[Web page caption snippets]
++++++++++++++++++++

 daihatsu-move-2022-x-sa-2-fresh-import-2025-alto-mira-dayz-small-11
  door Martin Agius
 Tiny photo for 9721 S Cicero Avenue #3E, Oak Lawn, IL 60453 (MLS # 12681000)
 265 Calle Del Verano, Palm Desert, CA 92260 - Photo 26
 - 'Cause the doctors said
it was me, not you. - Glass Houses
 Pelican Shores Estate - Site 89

++++++++++++++++++++

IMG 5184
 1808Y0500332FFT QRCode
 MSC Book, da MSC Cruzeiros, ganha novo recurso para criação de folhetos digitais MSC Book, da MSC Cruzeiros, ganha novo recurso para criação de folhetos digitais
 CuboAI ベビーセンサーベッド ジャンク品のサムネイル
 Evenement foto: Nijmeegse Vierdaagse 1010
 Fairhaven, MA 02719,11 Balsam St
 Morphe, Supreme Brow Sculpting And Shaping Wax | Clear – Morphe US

++++++++++++++++++++

The problem:
Your answer must be the lines above from the one containing "it was me, not you. - Glass Houses" to the one containing "Pelican Shores Estate - Site 89", both included, restated word for word.

Expected answer:
it was me, not you. - Glass Houses
 Pelican Shores Estate - Site 89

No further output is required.